October 29, 2006
MySQL Releases version 5.0.27
You may ave noticed The Documentation has not been updated to reflect the version that they are distributing. Curently Version 5.0.27 is now up for download but the changes have not been placed on there website so I can only talk about what changes have been done in verison 5.0.26 which was released on Oct 3, 2006. Just some of the changes I found that are important this go round:
The parser rejected queries that selected from a table twice using a UNION within a subquery. The parser now supports arbitrary subquery, join, and parenthesis operations within EXISTS subqueries. A limitation still exists for scalar subqueries: If the subquery contains UNION, the first SELECT of the UNION cannot be within parentheses. For example, SELECT (SELECT a FROM t1 UNION SELECT b FROM t2) will work, but SELECT ((SELECT a FROM t1) UNION (SELECT b FROM t2)) will not.
EXPLAIN sometimes returned an incorrect select_type for a SELECT from a view, compared to the select_type for the equivalent SELECT from the base table.
Since the current implementation of LOAD DATA FROM MASTER and LOAD TABLE FROM MASTER is very limited, these statements are deprecated in versions 4.1 of MySQL and above. We will introduce a more advanced technique (called “online backup”) in a future version. That technique will have the additional advantage of working with more storage engines.
You may hav noticed they actually gave up on making this feature work correctly in the 5.0 series in favor of mysqlhotcopy.
For MySQL 5.1 and earlier, the recommended alternative solution to using LOAD DATA FROM MASTER or LOAD TABLE FROM MASTERis using mysqldump or mysqlhotcopy. The latter requires Perl and two Perl modules (DBI and DBD:mysql) and works for MyISAM and ARCHIVE tables only. With mysqldump, you can create SQL dumps on the master and pipe (or copy) these to a mysql client on the slave. This has the advantage of working for all storage engines, but can be quite slow, since it works using SELECT.
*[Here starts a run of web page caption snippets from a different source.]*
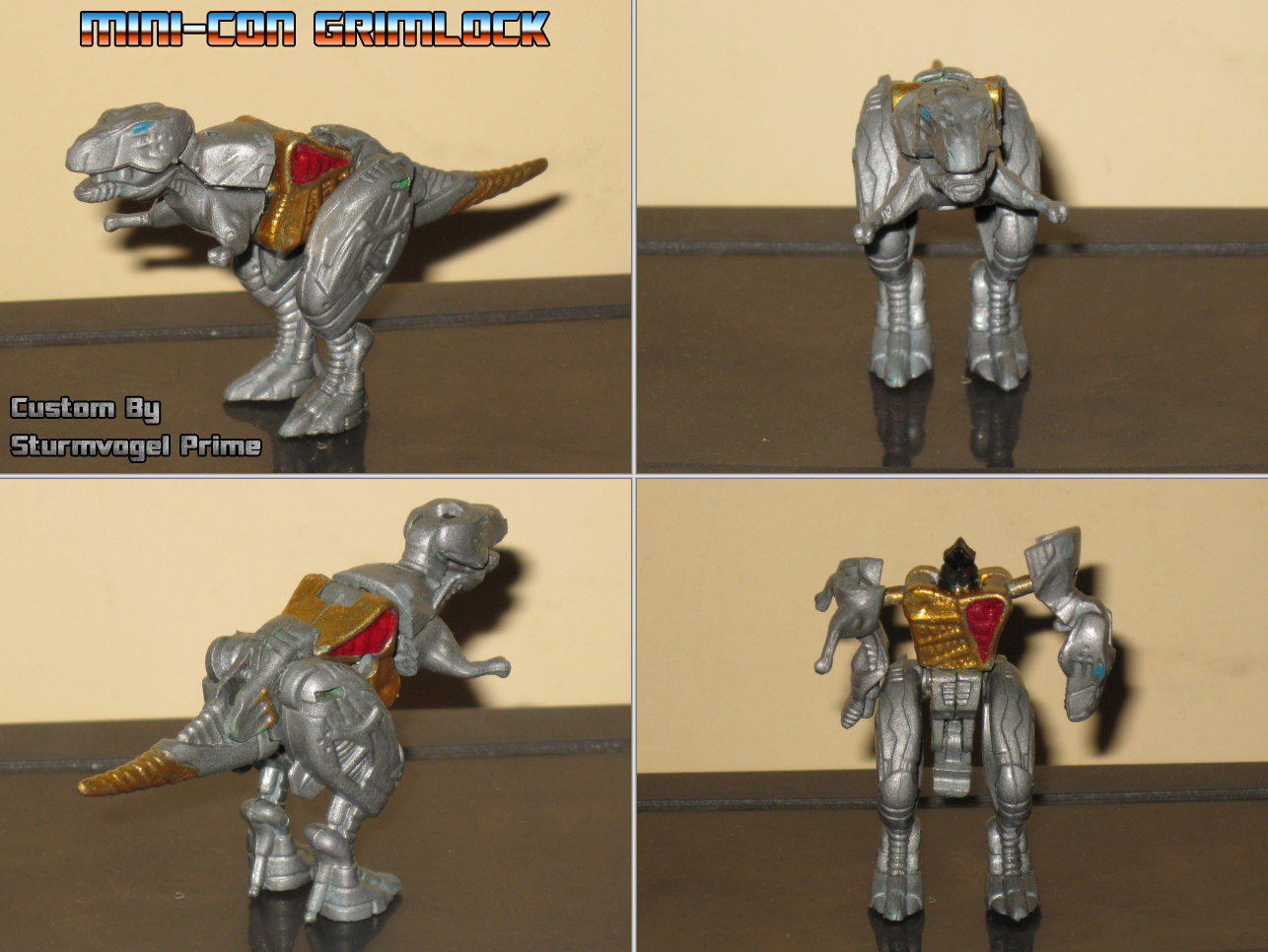 Mini-Con Grimlock 1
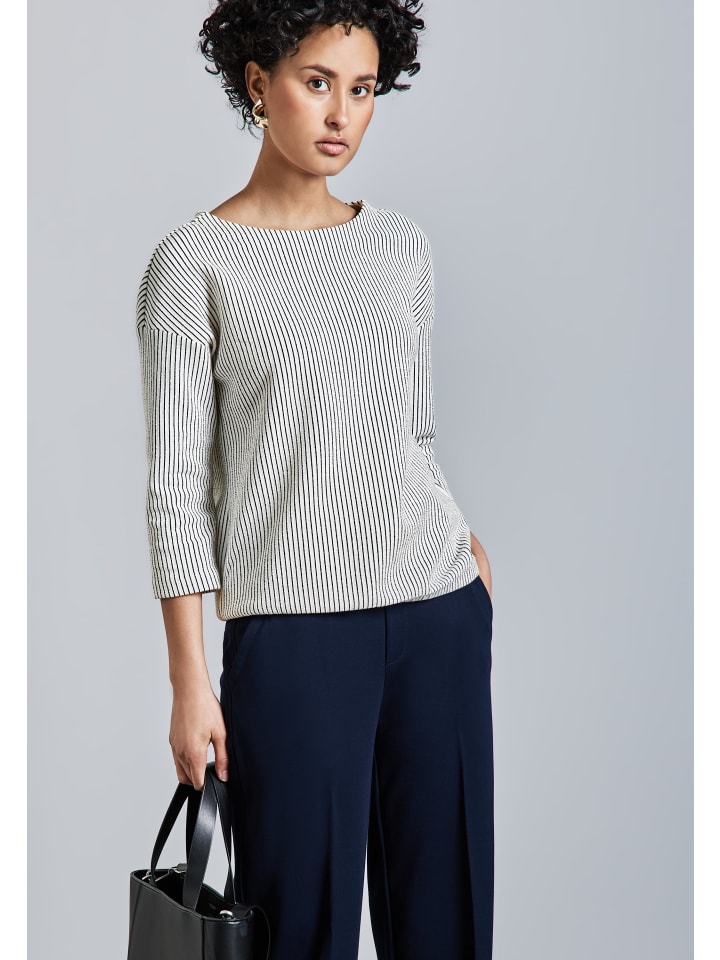 

Футболка Street One, цвет gestreiftes shirt' marineblau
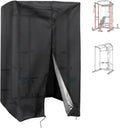 Squat Rack Cover Waterproof Outdoor Gym Equipment Cover - Durable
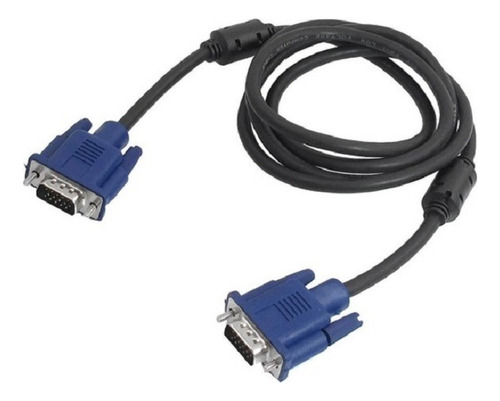 Cable Video Vga A Vga Monitor Pc Dvr Laptop 1.5 Metros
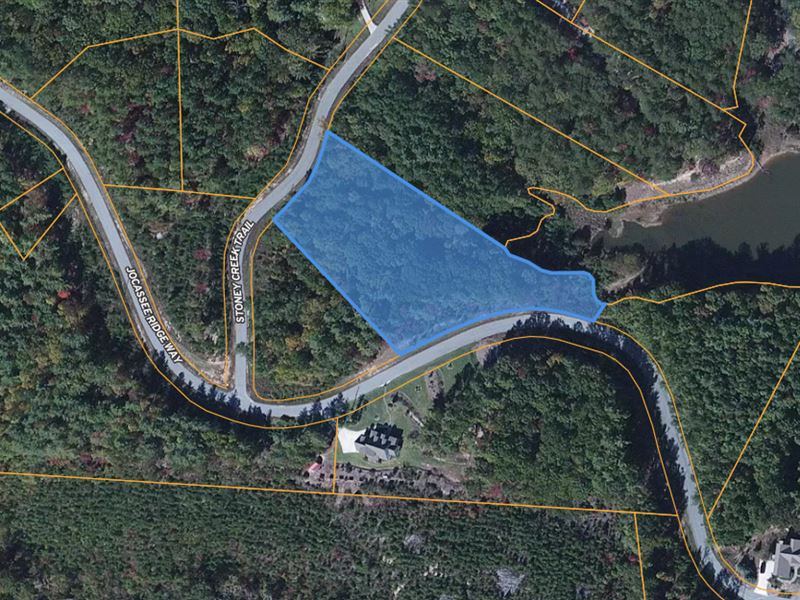 Jocassee Ridge with Lake Access : Salem : Oconee County : South Carolina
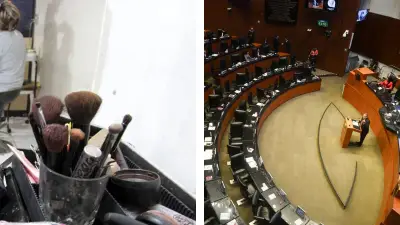 Senado suspende indefinidamente salón de belleza interno tras polémica por privilegios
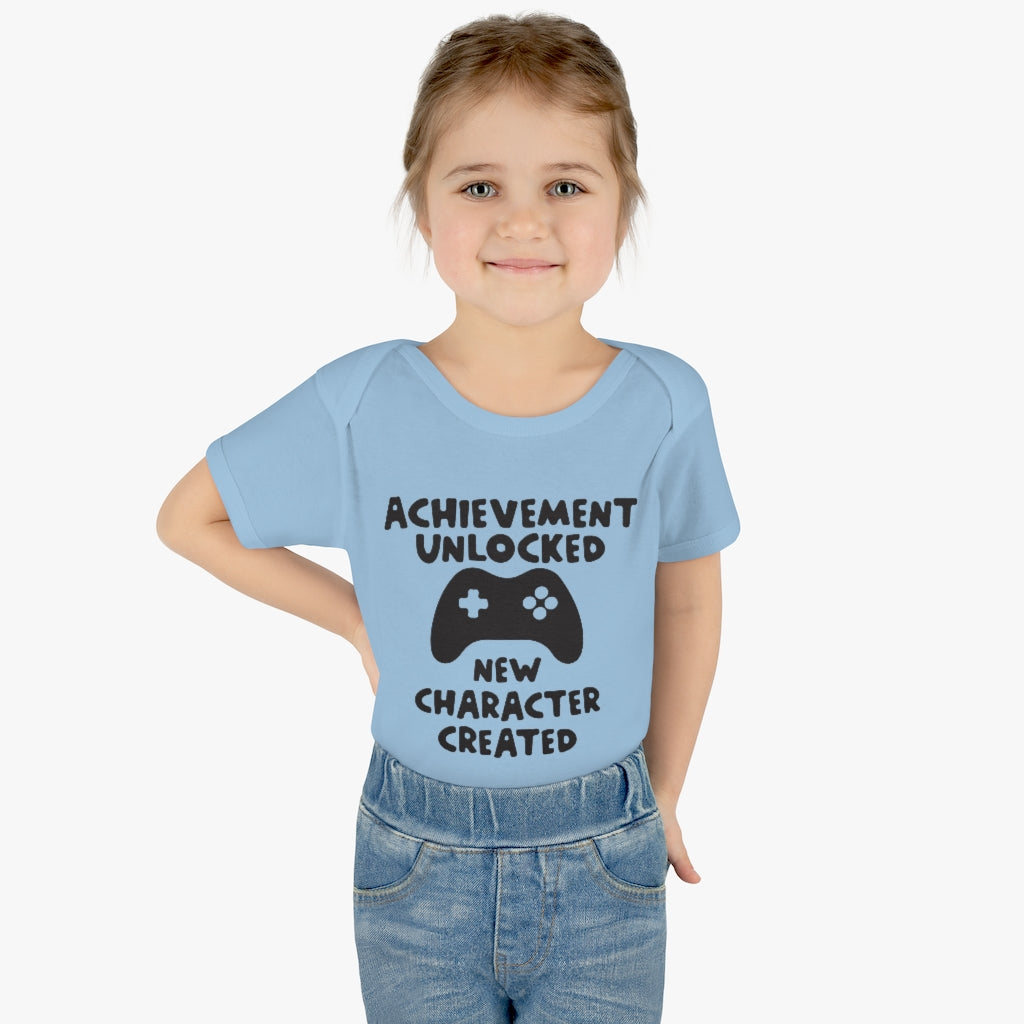 Achievement Unlocked Infant Onesie Achievement Unlocked Infant Onesie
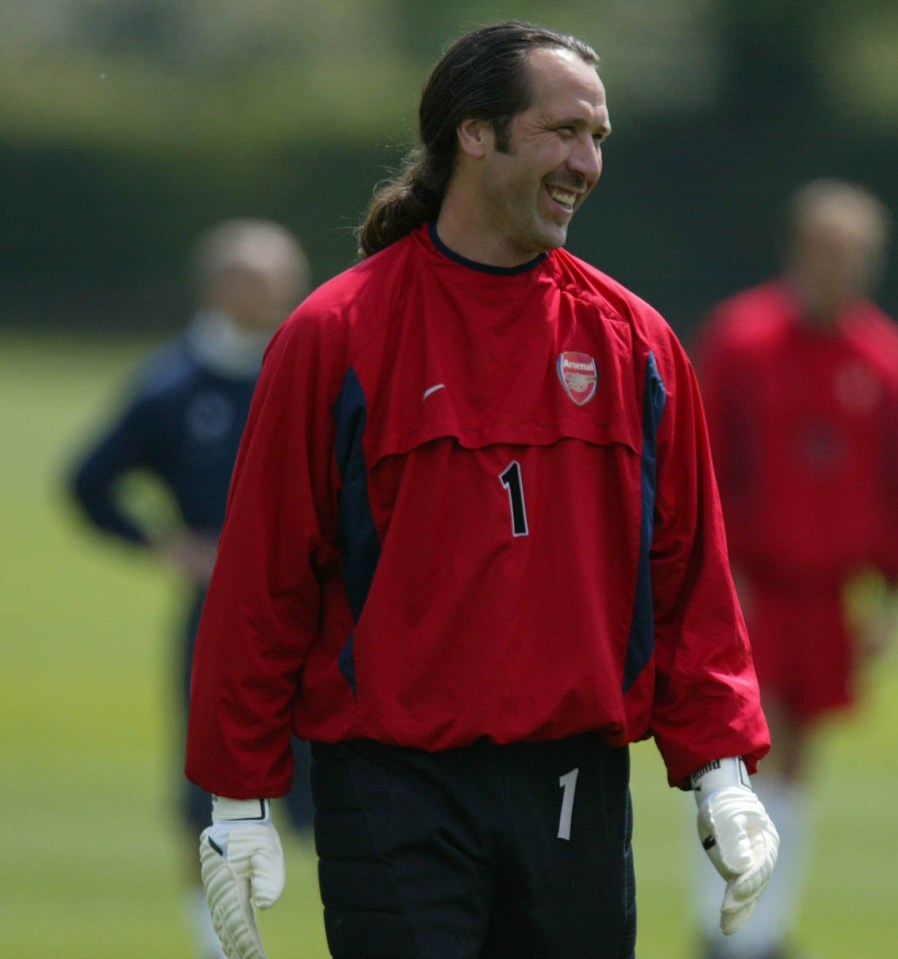  David Seaman is Wenger's most selected goalie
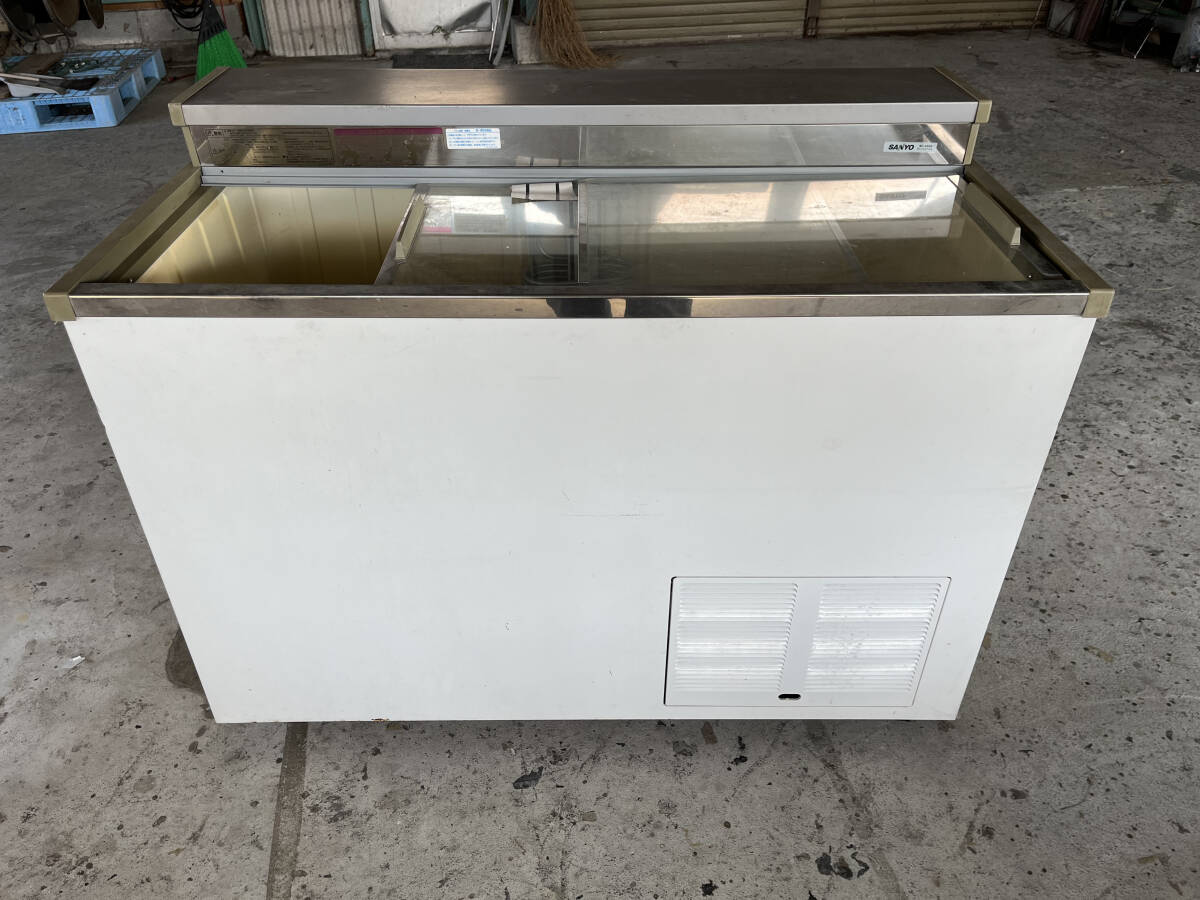 SANYO　三洋　ショーケース　冷蔵庫 Yahoo!オークション -「冷水」(サンヨー) (冷蔵ショーケース)の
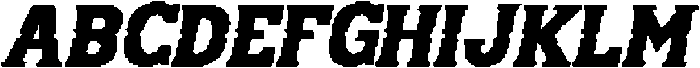 CS Modley Pixel Regular otf (400) Font UPPERCASE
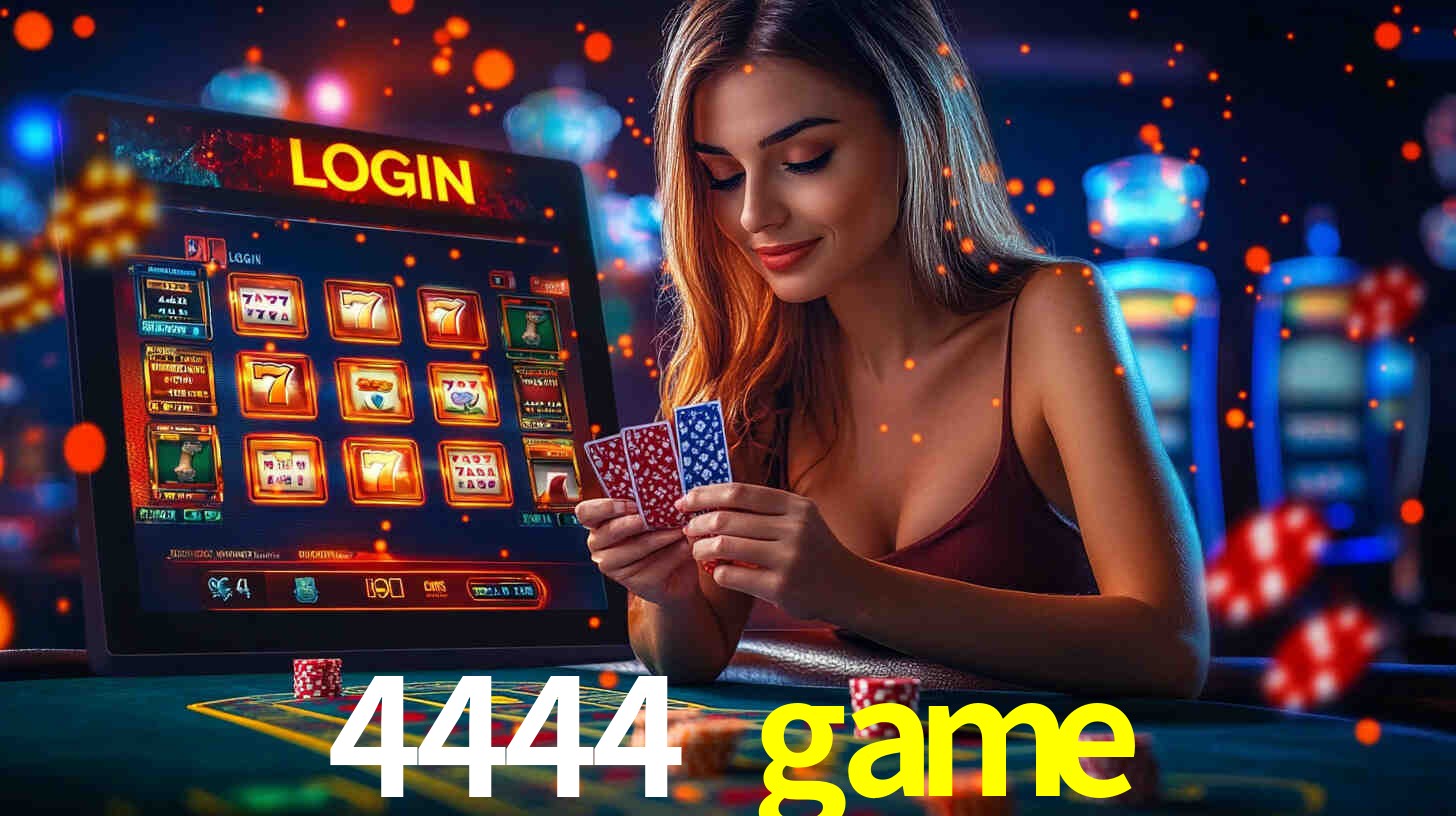 4444 game: A Experiência de Casino com Jogos de Mesa ao Vivo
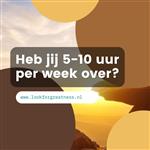 Met 1 à 2 jaar financiële vrijheid hebben?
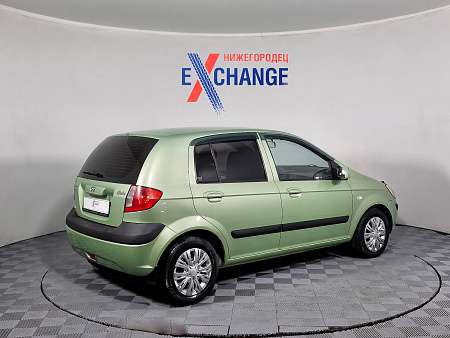 Hyundai Getz 1.4 MT (97 л.с.), 2010 Hyundai Getz 1.4 MT (97 л.с.), 2010 — купить в Нижнем Новгороде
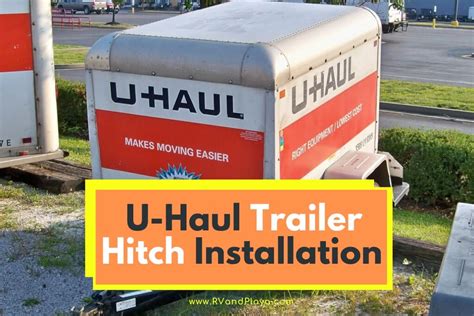 Reserve a trailer hitch installation onlin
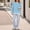 Blue round neck relaxed sweatshirt women a1, variant on thefmos Women's Round Neck Loose Fit Pullover Sweatshirt Long Sleeve Solid Color Casual Top Trendy Fall Outfit, Black S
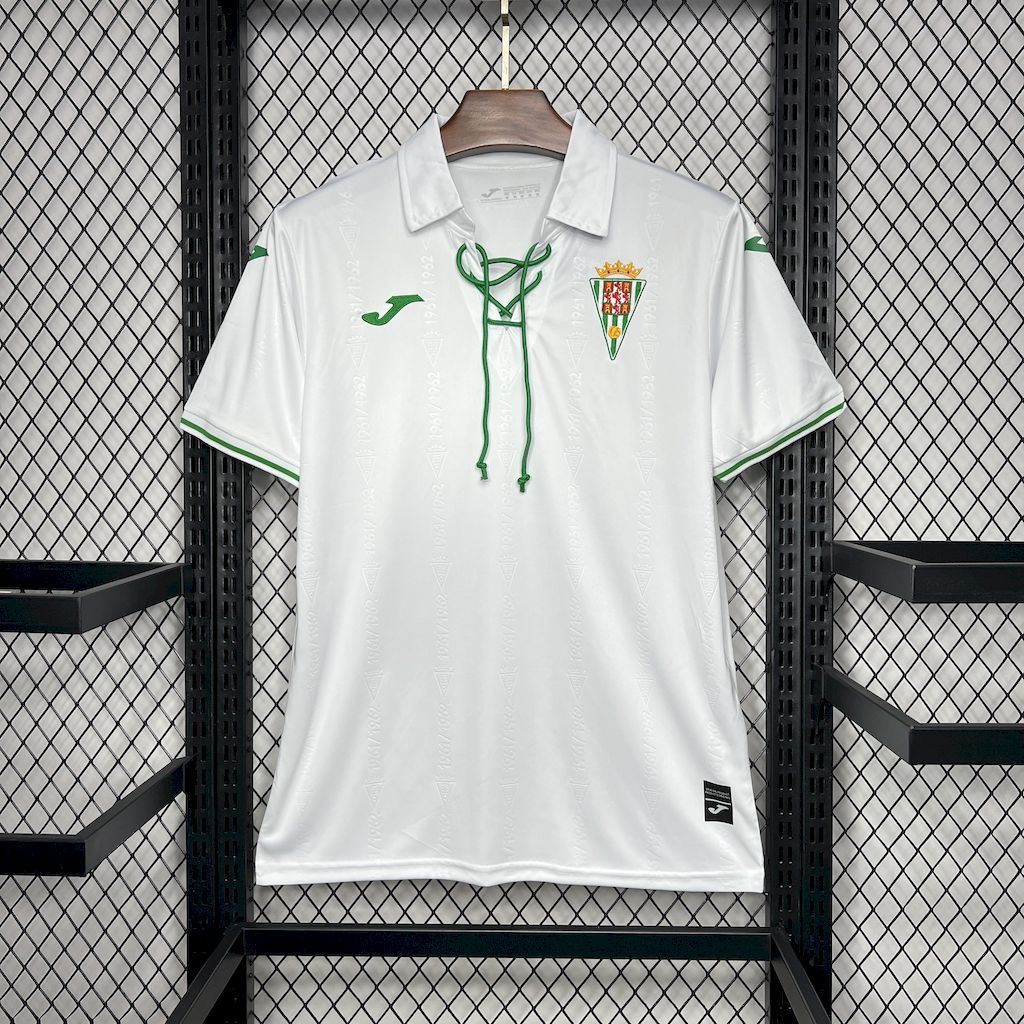 Cordoba CF 2024-25 70-Year Anniversary Retro Jersey S-XXL S-XXL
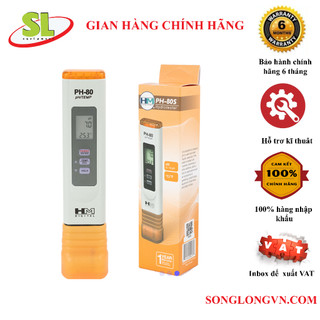 Bút đo PH và nhiệt độ nước PH80 - HMDigital Mỹ, Bảo hành 6 tháng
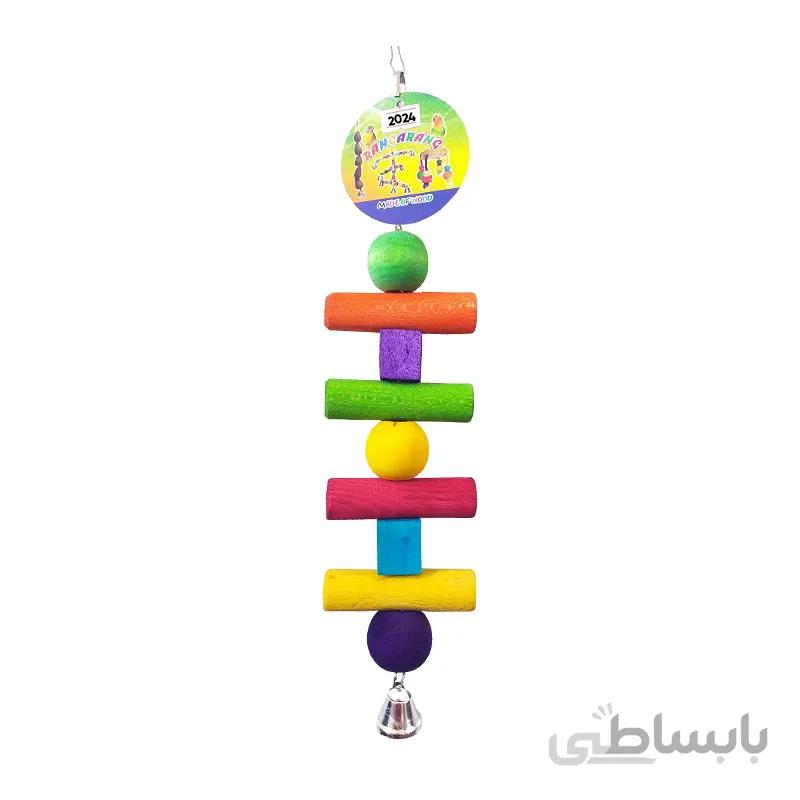 اسباب بازی پرنده مدل آویز کد2024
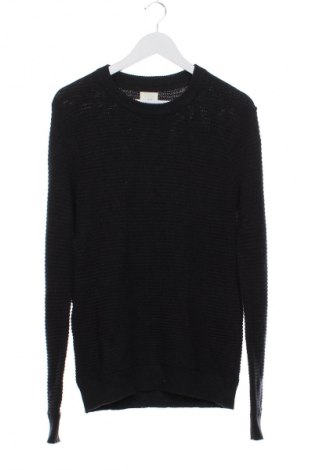 Herrenpullover H&M L.O.G.G., Größe XS, Farbe Schwarz, Preis € 12,99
This statement takes a snapshot of the master and copies it to the slave. It updates the values of MASTER_LOG_FILE and MASTER_LOG_POS so that the slave starts replicating from the correct position. Any table and database exclusion rules specified with the --replicate-*-do-* and --replicate-*-ignore-* options are honored. --replicate-rewrite-db is not taken into account because a user could use this option to set up a non-unique mapping such as --replicate-rewrite-db="db1->db3" and --replicate-rewrite-db="db2->db3", which would confuse the slave when loading tables from the master.